*** Opening of GIVEN ENTRIES ***

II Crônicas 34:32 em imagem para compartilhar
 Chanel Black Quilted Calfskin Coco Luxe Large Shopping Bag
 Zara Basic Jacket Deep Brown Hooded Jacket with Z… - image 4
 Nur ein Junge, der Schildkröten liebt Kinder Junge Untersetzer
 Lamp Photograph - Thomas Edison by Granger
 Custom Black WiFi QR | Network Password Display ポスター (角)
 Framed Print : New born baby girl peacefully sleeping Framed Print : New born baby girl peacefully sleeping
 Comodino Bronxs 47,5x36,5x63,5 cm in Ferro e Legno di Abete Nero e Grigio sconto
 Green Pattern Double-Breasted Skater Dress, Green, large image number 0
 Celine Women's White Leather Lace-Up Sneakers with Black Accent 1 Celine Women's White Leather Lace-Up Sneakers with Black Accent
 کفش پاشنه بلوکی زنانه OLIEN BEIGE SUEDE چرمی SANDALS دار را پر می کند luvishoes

*** Close of GIVEN ENTRIES ***

YOUR GOAL: Above are the records; copy exactly the lines from the one with "Comodino Bronxs 47,5x36,5x63,5" through the final line.

SOLUTION BELOW:
 Comodino Bronxs 47,5x36,5x63,5 cm in Ferro e Legno di Abete Nero e Grigio sconto
 Green Pattern Double-Breasted Skater Dress, Green, large image number 0
 Celine Women's White Leather Lace-Up Sneakers with Black Accent 1 Celine Women's White Leather Lace-Up Sneakers with Black Accent
 کفش پاشنه بلوکی زنانه OLIEN BEIGE SUEDE چرمی SANDALS دار را پر می کند luvishoes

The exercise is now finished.